Ajax meldt datalek van e-mailadressen en info over stadionverboden - update

In dit artikel:

Ajax is slachtoffer geworden van een cyberaanval op systemen van de club waarbij persoonlijke gegevens zijn buitgemaakt en een beveiligingslek is ontdekt. Volgens de club gingen de e-mailadressen van “een paar honderd” mensen verloren; daarnaast zijn namen en geboortedata van minder dan twintig mensen met een stadionverbod gelekt. Media melden dat er via het lek mogelijk inzage was in gegevens van honderdduizenden gebruikers en dat de status van 42.000 seizoenskaarthouders aangepast kon worden, maar alleen enkele honderden personen zouden daadwerkelijk zijn getroffen. Of er daadwerkelijk kaarten zijn overgezet of stadionverboden zijn gewijzigd, is nog onduidelijk.

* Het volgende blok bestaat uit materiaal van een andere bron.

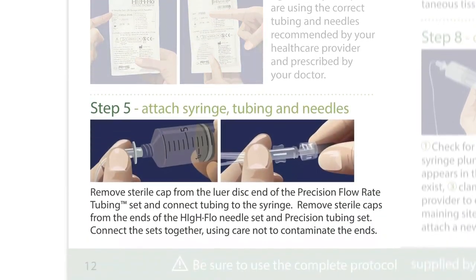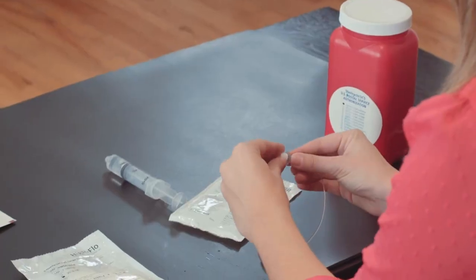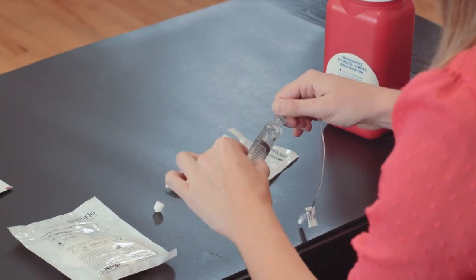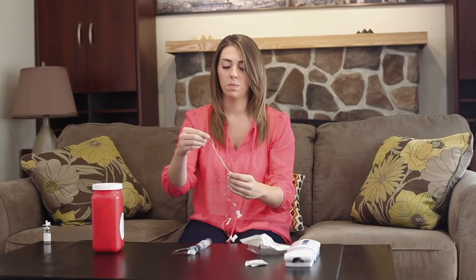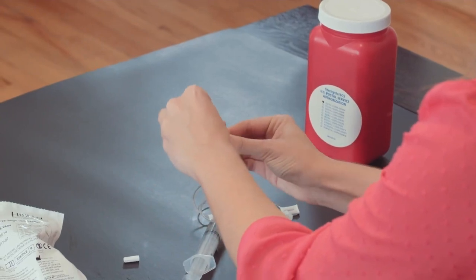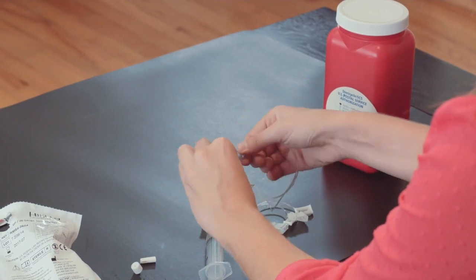Step 5: Attach syringe, tubing, and needles. Remove the sterile cap from the lure disc end of the Precision Flow Rate tubing set and connect the tubing to the syringe. Remove the sterile caps from the ends of the High Flow Needle Set and Precision Tubing Set. Connect the sets together, using care not to contaminate the ends.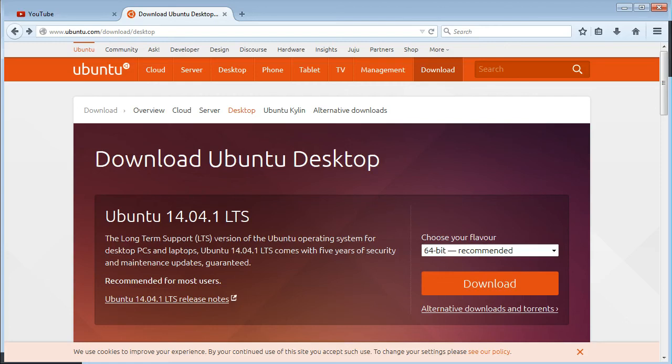Hi guys, it's David here from One Step at a Time. Today I'm going to be showing you how to install Ubuntu 14.04 — the long-term support version, not 14.10. It won't matter though; it's the same process for either. I did install Linux Mint 17.1 a couple of days ago and showed you how to do that. This is the exact same process, and in this video I'll show you how to do everything.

Ontdekker Tweakers meldt dat accounts en tickets via de Ajax-app zonder wachtwoord toegankelijk waren en dat een onbeveiligde API met beheerdersrechten het opvragen en aanpassen van gevoelige gegevens mogelijk maakte — inclusief het opheffen van stadionverboden. Ajax zegt geen aanwijzingen te hebben dat de gegevens verder zijn verspreid. De club heeft aangifte gedaan bij de politie en melding gemaakt bij de Autoriteit Persoonsgegevens, de kwetsbaarheid verholpen en de beveiliging aangescherpt. Getroffenen zijn geïnformeerd en kregen het advies extra waakzaam te zijn voor verdachte e-mails en geen verdachte links of bijlagen te openen.

Gevolgen kunnen onder meer phishing, identiteitsmisbruik en ticketfraude zijn; onderzoek naar de precieze omvang en eventuele misbruikacties loopt nog.